Microstructure and corrosion resistance of AZ91- Hydroxyapatite composites processed via deformation-driven metallurgy.
Kimia Jamshidi, Roohollah Jamaati, Hamed Jamshidi Aval
Abstract
Open AccessThis study explores the microstructural evolution, mechanical properties, and corrosion behavior of AZ91 composites reinforced with hydroxyapatite (HA) particles, processed at varying rotational speeds (600, 1000, and 1400 rpm) using a deformation-driven metallurgy process.
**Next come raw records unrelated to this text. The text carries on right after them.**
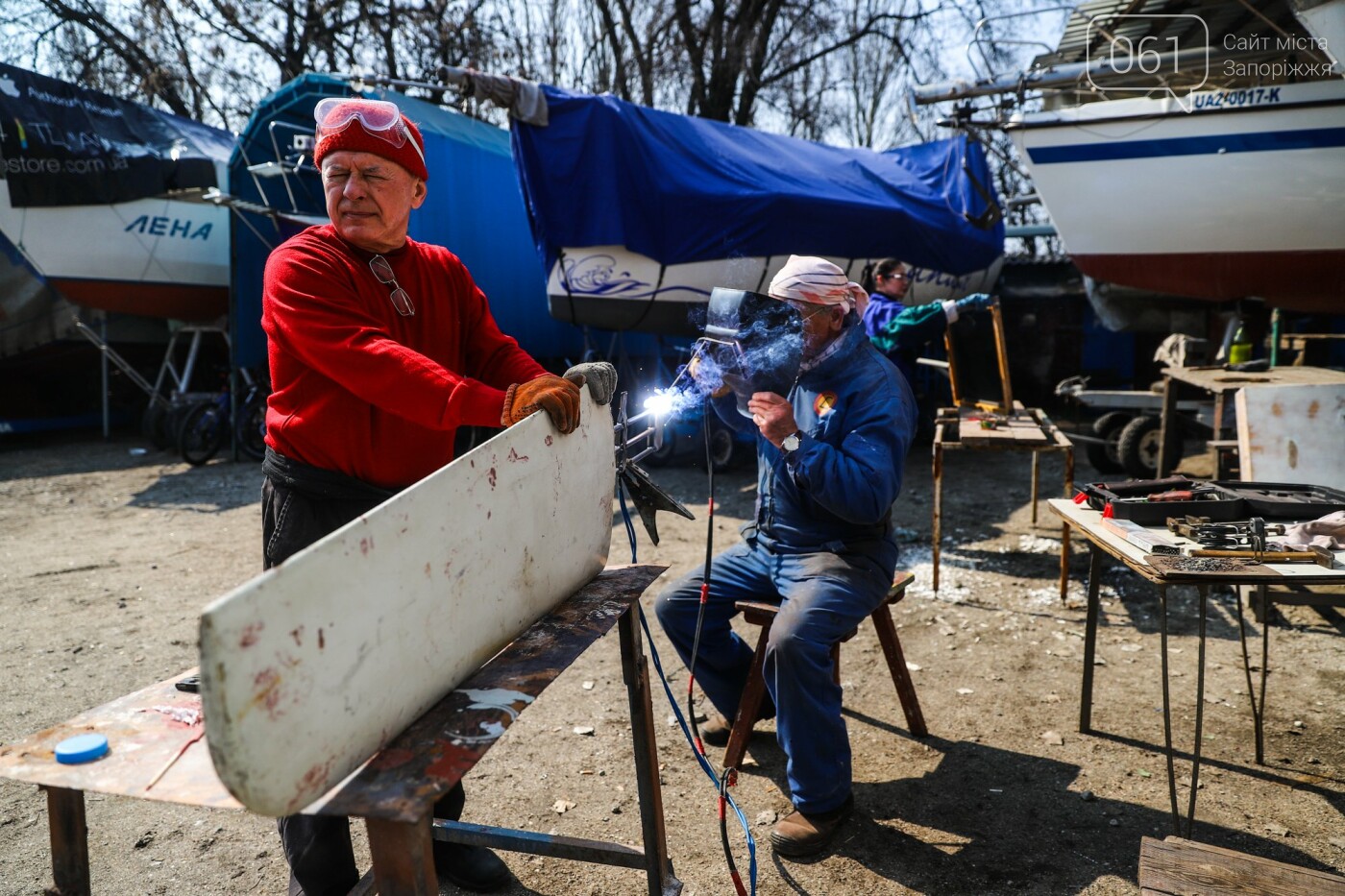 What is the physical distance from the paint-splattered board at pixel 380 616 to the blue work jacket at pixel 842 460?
830 mm

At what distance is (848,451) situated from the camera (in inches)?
100.0

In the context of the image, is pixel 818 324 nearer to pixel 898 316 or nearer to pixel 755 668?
pixel 755 668

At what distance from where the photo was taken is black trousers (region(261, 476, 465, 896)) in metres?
1.92

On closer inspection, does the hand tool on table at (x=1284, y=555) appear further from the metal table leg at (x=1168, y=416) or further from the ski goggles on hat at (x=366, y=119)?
the metal table leg at (x=1168, y=416)

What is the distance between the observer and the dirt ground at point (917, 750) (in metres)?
2.36

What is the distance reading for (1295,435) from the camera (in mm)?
4039

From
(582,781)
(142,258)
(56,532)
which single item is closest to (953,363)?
(582,781)

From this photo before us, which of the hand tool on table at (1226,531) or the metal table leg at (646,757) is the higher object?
the hand tool on table at (1226,531)

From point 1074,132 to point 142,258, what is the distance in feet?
30.1

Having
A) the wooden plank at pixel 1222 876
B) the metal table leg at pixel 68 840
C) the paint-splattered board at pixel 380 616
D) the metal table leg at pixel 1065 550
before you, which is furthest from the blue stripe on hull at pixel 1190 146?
the metal table leg at pixel 68 840

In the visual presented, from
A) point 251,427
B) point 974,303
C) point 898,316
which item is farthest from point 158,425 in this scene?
point 974,303

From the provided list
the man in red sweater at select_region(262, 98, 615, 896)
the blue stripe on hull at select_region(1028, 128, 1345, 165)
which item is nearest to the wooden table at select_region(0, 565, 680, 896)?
the man in red sweater at select_region(262, 98, 615, 896)

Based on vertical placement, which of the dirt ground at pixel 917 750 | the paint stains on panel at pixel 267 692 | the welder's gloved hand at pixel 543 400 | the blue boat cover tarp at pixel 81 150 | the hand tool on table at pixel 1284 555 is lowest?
the dirt ground at pixel 917 750

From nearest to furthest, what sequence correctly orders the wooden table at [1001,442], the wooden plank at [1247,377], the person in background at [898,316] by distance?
1. the wooden table at [1001,442]
2. the wooden plank at [1247,377]
3. the person in background at [898,316] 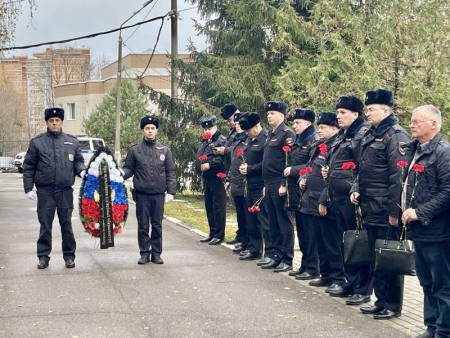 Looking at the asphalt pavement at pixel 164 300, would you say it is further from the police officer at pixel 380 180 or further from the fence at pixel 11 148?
the fence at pixel 11 148

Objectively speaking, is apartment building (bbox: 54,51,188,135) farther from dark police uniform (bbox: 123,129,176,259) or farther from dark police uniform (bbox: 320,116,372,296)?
dark police uniform (bbox: 320,116,372,296)

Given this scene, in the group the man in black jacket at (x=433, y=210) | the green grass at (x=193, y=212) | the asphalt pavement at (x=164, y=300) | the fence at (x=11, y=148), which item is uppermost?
the man in black jacket at (x=433, y=210)

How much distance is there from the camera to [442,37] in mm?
18156

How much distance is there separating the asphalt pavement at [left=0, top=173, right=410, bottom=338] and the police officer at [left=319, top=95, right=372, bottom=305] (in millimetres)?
319

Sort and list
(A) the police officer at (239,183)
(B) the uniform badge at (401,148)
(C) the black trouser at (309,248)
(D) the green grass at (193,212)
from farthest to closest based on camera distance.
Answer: (D) the green grass at (193,212)
(A) the police officer at (239,183)
(C) the black trouser at (309,248)
(B) the uniform badge at (401,148)

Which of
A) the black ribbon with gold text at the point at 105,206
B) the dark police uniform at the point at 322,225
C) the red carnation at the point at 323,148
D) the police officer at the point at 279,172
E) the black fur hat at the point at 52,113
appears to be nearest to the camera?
the red carnation at the point at 323,148

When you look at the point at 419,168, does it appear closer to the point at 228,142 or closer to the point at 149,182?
the point at 149,182

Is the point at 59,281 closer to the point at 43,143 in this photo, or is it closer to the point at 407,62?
the point at 43,143

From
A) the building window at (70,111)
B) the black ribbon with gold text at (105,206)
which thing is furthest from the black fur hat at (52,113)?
the building window at (70,111)

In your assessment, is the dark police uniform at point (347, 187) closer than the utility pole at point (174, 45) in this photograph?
Yes

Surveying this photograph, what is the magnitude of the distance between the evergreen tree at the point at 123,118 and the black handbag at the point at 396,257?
40339 mm

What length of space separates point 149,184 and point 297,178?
2.16 m

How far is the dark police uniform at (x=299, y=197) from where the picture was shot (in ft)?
31.1

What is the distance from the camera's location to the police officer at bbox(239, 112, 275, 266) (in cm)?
1084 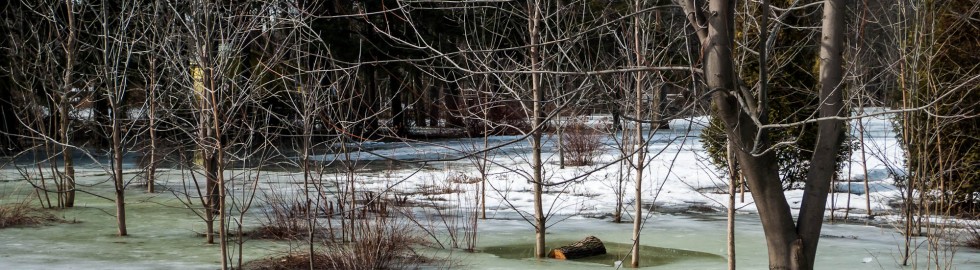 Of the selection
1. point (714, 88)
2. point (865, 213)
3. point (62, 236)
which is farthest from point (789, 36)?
point (714, 88)

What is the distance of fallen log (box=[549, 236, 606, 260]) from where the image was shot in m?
8.70

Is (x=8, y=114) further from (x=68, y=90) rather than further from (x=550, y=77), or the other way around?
(x=550, y=77)

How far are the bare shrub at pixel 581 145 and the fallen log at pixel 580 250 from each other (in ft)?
29.9

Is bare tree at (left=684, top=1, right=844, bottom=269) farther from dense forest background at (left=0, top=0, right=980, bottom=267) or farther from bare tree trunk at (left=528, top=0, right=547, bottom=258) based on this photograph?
bare tree trunk at (left=528, top=0, right=547, bottom=258)

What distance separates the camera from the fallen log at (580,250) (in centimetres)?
870

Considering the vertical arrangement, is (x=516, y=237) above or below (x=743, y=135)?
below

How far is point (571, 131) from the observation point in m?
19.0

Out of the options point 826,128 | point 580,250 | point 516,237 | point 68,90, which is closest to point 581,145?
point 516,237

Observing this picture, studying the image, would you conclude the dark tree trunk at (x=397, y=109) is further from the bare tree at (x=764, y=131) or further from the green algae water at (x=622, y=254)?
the bare tree at (x=764, y=131)

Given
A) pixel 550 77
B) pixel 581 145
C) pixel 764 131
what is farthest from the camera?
pixel 581 145

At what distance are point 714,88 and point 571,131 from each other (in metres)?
15.2

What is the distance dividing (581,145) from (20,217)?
10186mm

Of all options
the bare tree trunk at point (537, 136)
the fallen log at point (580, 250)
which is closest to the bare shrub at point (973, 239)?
the fallen log at point (580, 250)

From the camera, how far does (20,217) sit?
10680mm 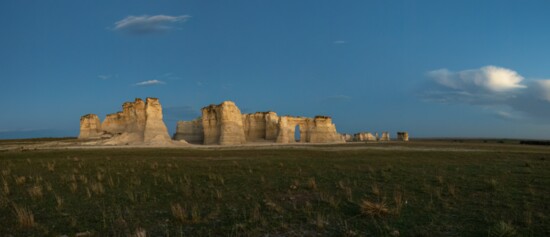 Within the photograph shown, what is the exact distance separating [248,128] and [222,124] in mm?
14986

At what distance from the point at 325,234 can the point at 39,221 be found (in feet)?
20.5

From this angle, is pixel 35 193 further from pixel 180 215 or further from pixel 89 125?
pixel 89 125

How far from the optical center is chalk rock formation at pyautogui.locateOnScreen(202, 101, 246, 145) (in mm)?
63969

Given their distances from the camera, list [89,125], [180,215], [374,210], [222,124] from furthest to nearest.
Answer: [89,125], [222,124], [374,210], [180,215]

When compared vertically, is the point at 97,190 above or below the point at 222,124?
below

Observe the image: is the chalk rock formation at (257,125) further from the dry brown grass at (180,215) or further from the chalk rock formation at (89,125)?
the dry brown grass at (180,215)

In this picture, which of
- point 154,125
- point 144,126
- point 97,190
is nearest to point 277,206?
point 97,190

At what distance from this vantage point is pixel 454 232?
7.04 meters

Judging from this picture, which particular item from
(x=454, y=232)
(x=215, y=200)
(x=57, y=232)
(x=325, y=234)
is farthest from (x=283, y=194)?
(x=57, y=232)

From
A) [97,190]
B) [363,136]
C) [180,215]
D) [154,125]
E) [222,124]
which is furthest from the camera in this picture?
[363,136]

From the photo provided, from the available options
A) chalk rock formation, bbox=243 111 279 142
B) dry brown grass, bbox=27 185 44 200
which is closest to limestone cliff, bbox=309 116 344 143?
chalk rock formation, bbox=243 111 279 142

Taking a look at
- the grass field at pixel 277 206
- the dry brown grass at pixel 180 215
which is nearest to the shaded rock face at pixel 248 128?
the grass field at pixel 277 206

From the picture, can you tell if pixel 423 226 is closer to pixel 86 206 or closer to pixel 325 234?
pixel 325 234

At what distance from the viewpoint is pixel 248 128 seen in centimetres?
7906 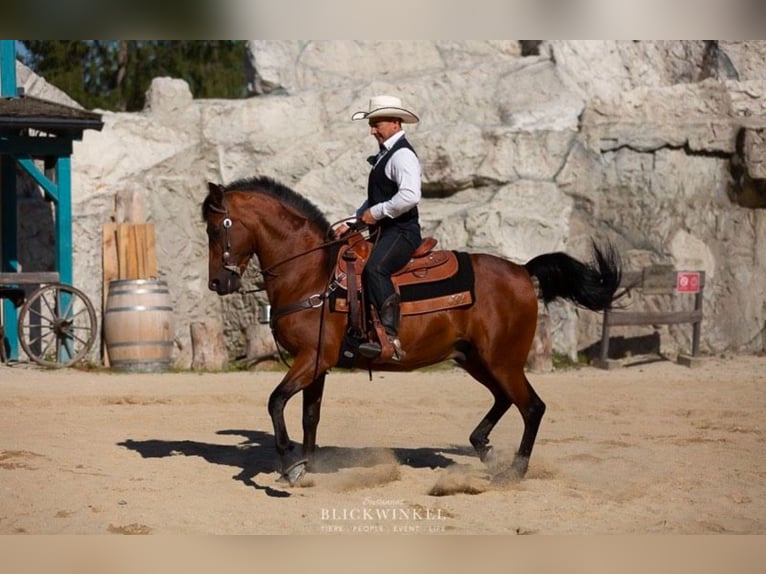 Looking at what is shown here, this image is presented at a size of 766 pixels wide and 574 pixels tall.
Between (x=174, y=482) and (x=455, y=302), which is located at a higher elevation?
(x=455, y=302)

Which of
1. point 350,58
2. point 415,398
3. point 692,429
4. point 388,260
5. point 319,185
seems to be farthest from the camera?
point 350,58

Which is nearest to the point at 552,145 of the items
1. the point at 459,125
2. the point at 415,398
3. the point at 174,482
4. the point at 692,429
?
the point at 459,125

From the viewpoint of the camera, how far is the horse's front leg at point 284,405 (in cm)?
788

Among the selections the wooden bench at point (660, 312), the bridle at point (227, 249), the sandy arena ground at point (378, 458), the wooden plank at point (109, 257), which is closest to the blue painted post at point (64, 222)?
the wooden plank at point (109, 257)

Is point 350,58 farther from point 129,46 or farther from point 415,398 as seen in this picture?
point 129,46

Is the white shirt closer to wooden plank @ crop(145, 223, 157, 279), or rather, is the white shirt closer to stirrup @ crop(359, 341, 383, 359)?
stirrup @ crop(359, 341, 383, 359)

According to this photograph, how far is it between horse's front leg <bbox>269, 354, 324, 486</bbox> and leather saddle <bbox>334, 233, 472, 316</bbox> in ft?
1.68

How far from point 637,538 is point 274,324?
3.07 metres

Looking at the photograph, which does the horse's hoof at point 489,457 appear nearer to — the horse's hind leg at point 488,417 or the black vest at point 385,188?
the horse's hind leg at point 488,417

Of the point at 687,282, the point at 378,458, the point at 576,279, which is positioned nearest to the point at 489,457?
the point at 378,458

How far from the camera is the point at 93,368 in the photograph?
14.6m

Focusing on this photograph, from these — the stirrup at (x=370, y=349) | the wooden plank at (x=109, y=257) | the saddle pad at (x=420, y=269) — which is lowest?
the stirrup at (x=370, y=349)

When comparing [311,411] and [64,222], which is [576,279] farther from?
[64,222]

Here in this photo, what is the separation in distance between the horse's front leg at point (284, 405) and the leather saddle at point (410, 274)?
1.68 ft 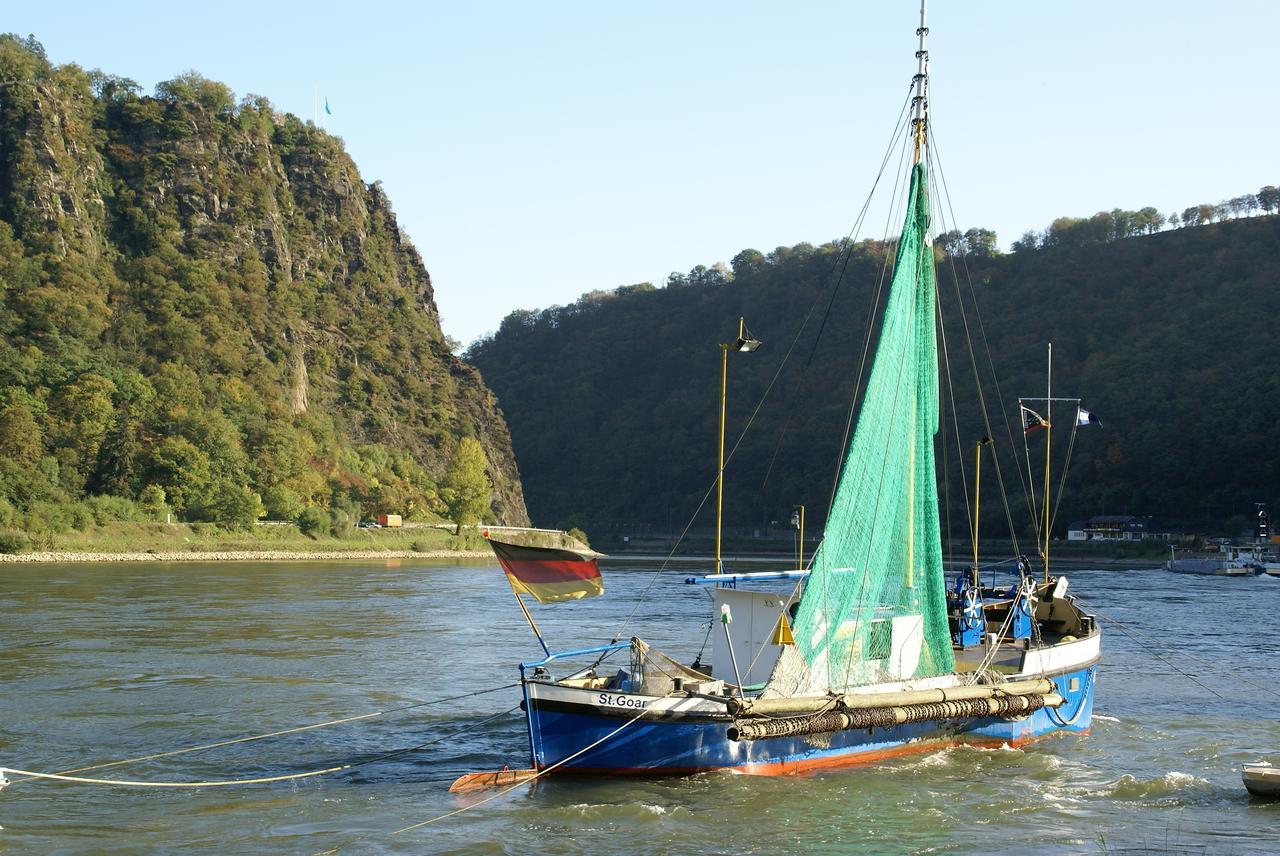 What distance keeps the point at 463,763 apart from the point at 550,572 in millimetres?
4773

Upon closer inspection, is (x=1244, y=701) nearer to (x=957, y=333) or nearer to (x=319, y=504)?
(x=319, y=504)

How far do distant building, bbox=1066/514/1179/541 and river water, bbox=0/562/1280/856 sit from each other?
9831cm

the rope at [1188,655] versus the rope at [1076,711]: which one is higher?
the rope at [1076,711]

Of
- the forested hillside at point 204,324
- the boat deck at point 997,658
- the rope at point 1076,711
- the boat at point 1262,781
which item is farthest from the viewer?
the forested hillside at point 204,324

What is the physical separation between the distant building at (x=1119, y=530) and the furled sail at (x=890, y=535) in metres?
126

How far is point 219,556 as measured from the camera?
101688mm

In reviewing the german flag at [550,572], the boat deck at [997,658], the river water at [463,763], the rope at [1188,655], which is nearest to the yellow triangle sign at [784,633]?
the river water at [463,763]

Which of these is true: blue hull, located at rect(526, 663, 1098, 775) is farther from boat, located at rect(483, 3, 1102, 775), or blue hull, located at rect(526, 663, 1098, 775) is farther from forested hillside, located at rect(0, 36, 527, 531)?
forested hillside, located at rect(0, 36, 527, 531)

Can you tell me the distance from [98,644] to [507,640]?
13.7 metres

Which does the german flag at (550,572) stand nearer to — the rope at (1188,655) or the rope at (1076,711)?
the rope at (1076,711)

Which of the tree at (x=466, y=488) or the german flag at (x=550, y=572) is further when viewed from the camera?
the tree at (x=466, y=488)

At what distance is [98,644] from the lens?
135ft

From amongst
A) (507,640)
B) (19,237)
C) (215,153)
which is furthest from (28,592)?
Answer: (215,153)

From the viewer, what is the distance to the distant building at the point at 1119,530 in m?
144
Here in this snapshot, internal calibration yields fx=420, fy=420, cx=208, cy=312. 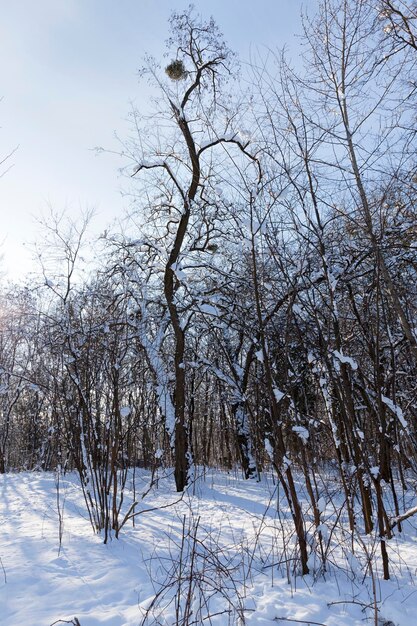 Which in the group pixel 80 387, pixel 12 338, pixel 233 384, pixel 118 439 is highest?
pixel 12 338

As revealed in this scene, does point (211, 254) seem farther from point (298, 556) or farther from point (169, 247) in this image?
point (298, 556)

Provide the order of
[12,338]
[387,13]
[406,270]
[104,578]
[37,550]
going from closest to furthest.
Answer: [104,578] < [37,550] < [387,13] < [406,270] < [12,338]

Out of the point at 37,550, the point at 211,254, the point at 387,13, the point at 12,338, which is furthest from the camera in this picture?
the point at 12,338

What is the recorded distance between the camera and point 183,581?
280 centimetres

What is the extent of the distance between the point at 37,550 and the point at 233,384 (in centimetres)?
565

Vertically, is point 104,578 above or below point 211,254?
below

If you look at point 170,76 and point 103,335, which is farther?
point 170,76

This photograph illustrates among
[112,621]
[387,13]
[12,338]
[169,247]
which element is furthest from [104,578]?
[12,338]

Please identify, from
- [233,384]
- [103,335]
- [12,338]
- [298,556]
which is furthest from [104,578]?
[12,338]

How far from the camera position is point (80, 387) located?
463cm

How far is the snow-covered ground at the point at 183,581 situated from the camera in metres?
2.40

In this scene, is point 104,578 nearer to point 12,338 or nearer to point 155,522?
point 155,522

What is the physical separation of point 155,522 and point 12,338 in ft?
40.1

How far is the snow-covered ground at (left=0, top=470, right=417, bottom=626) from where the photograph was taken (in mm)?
2402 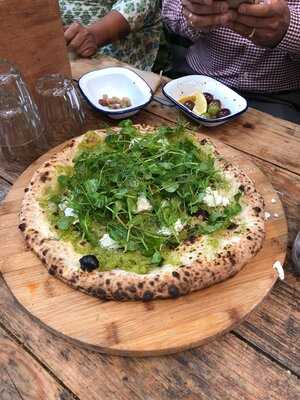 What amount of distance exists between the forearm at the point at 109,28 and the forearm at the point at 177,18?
0.27 m

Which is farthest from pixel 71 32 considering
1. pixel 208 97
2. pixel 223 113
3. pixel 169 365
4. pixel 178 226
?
pixel 169 365

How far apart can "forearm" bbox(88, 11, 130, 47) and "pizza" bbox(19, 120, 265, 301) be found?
0.97 metres

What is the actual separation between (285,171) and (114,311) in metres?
0.73

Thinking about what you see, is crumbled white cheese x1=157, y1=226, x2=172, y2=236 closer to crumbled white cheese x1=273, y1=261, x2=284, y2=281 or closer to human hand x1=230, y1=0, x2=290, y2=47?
Result: crumbled white cheese x1=273, y1=261, x2=284, y2=281

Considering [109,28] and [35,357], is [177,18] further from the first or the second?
[35,357]

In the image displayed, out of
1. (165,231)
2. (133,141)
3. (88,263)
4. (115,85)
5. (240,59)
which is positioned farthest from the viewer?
(240,59)

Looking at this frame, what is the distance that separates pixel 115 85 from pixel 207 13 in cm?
45

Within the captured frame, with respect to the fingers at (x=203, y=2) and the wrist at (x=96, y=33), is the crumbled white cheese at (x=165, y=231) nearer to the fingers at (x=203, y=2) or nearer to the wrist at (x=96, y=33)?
the fingers at (x=203, y=2)

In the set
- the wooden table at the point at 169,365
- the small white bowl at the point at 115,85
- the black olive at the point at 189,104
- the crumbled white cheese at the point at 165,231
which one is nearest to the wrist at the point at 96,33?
the small white bowl at the point at 115,85

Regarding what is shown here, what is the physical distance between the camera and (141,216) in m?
1.10

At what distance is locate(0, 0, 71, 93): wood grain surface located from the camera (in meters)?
1.38

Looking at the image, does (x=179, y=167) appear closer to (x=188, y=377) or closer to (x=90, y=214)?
(x=90, y=214)

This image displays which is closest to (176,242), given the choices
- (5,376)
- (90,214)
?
(90,214)

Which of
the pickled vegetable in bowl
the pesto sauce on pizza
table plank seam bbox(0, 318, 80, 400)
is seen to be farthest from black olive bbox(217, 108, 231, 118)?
table plank seam bbox(0, 318, 80, 400) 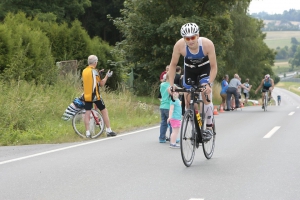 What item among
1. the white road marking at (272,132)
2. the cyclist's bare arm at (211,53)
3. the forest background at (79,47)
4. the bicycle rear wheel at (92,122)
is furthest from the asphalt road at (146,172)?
the forest background at (79,47)

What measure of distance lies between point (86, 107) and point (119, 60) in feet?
63.6

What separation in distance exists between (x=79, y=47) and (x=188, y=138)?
19.9 meters

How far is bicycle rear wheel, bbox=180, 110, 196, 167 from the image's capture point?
8539mm

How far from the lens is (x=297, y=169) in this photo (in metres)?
8.71

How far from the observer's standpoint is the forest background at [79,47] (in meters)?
17.0

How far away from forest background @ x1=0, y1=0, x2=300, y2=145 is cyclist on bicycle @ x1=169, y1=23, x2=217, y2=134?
531cm

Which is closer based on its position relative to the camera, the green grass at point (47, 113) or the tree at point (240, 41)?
the green grass at point (47, 113)

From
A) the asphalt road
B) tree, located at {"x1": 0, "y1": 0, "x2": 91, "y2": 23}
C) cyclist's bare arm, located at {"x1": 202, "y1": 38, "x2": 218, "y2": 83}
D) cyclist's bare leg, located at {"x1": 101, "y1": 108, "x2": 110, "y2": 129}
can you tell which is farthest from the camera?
tree, located at {"x1": 0, "y1": 0, "x2": 91, "y2": 23}

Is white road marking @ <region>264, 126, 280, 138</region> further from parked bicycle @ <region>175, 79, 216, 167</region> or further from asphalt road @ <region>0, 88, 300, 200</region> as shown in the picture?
parked bicycle @ <region>175, 79, 216, 167</region>

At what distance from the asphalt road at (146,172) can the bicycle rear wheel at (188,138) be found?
0.18m

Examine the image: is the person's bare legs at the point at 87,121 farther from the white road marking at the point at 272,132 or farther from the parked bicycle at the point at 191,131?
the parked bicycle at the point at 191,131

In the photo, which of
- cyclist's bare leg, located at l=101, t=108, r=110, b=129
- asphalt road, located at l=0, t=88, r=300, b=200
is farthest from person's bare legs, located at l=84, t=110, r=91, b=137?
asphalt road, located at l=0, t=88, r=300, b=200

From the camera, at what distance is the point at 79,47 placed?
28016 mm

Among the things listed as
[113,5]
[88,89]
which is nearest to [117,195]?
[88,89] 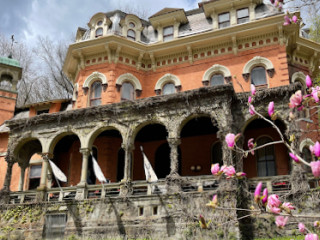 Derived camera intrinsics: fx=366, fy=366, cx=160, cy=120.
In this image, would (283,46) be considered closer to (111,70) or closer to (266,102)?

Microstructural analysis revealed that plastic deformation and heat generation during processing resulted in complete bonding between AZ91 powder particles and reinforcements, forming a fine equiaxed microstructure through dynamic recrystallization. The average grain size increased with rotational speed, measuring 54.2 ± 1.3 µm, 67.1 ± 1.5 µm, and 74.5 ± 1.9 µm for samples processed at 600, 1000, and 1400 rpm, respectively, highlighting the dominant role of temperature in grain growth. Mechanical testing demonstrated a decreasing trend in hardness and tensile strength with increasing rotational speed. The hardness dropped from 85.2 ± 2.9 HV0.1 at 600 rpm to 71.2 ± 6.8 HV0.1 at 1400 rpm, while ultimate tensile strength declined from 334.2 ± 6.3 MPa to 265.3 ± 4.9 MPa. Corrosion resistance was significantly influenced by processing parameters. The lowest corrosion current density (40.901 µA/cm2) and highest polarization resistance (Rp = 239.996 Ω·cm2) were observed in samples processed at 600 rpm, demonstrating enhanced corrosion resistance due to finer grains and uniform HA dispersion. In contrast, at 1400 rpm, increased grain size and uneven HA distribution contributed to a higher corrosion rate and reduced Rp (186.194 Ω·cm2).